Louise Bond-Williams

Personal information
- Born: 14 May 1982 (age 44) Chipping Campden, Gloucestershire, England
- Home town: Truro, Cornwall
- Height: 1.69 m (5 ft 7 in)
- Weight: 59 kg (130 lb)

Fencing career
- Sport: Fencing
- Weapon: Sabre
- Hand: right-handed
- National coach: Jon Salfield, Peter Frohlich
- Club: Truro Fencing Club
- Retired: 2012
- FIE ranking: current ranking

= Louise Bond-Williams =

British sabre fencer

Louise Bond-Williams (born 14 May 1982) is a former British sabre fencer. She represented Great Britain at the 2004 and 2012 Summer Olympics.

==Career==
Bond-Williams took up fencing at Chipping Campden School. She quickly showed promise, winning the West Midlands championships for her age class when she was twelve. She was then coached by David Kirby at Shakespeare's Swords, the fencing club at King Edward VI School, Stratford-upon-Avon.

In 1999, first year where women's sabre was allowed at top-level competitions, she earned a silver medal at the Cadet World Championships in Dijon and posted a last-16 finish at the Senior World Championships in Seoul. The following year she won a silver medal at Budapest and a gold medal at Havana in the Junior World Cup circuit. She went on to take a silver medal at the 2002 Junior World Championships in Antalya and reached the quarter-finals at the senior championships in Lisbon.

At a World Cup event in Spain Bond-Williams was noticed by Ohio State coach Vladimir Nazlymov who offered to train her in the United States and arranged for an athletic scholarship. She accepted the offer as the University of Birmingham, where she had been studying for a year, did not offer her the facilities to train properly at her level. She fenced for the Ohio State Buckeyes from 2002 to 2004, taking All-America honours each season. Ohio State would induct her into their Athletics Hall of Fame in 2012.

She made her Olympic début at the 2004 Summer Olympics, the first Games allowing women's sabre, after reaching the final in the European qualifying event. In the first round of the individual event she saw off Germany's Susanne Koenig, but lost afterwards to Russia's Yelena Nechayeva.

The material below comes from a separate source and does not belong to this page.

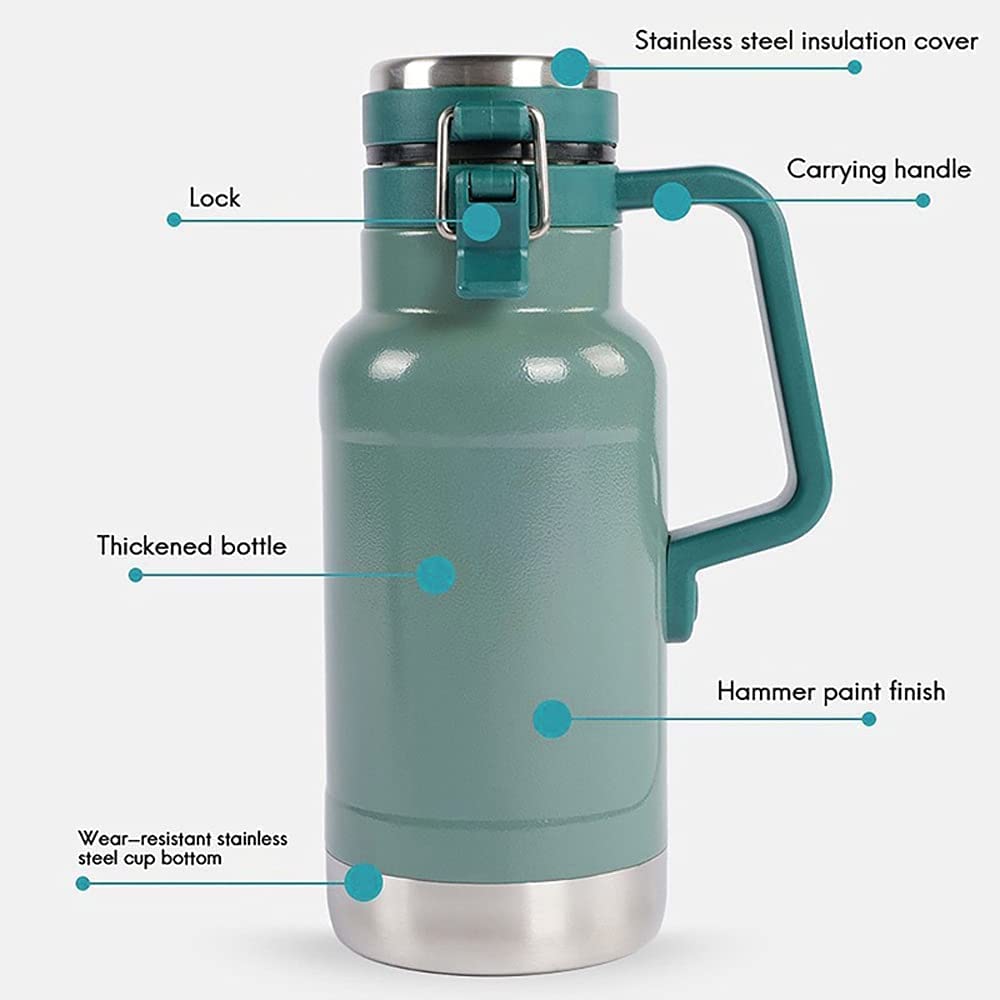 Calentador de matraces, Botella aislada al vacío Que Mantiene el líquido Caliente/frío, Termo de Boca Ancha, Alpinismo al Aire Libre, matraz de Acero Inoxidable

After the Games she resumed her history degree at Ohio State while serving as undergraduate assistant coach. She posted two quarter-finals finishes in the 2004–05 season and finished World No.22, a career best. She climbed her first senior World Cup podium with a bronze medal at Orléans in 2007. She missed out however for the 2008 Summer Olympics. She was severely injured in a car crash in late 2008 and sustained several operations which left her out for a full season.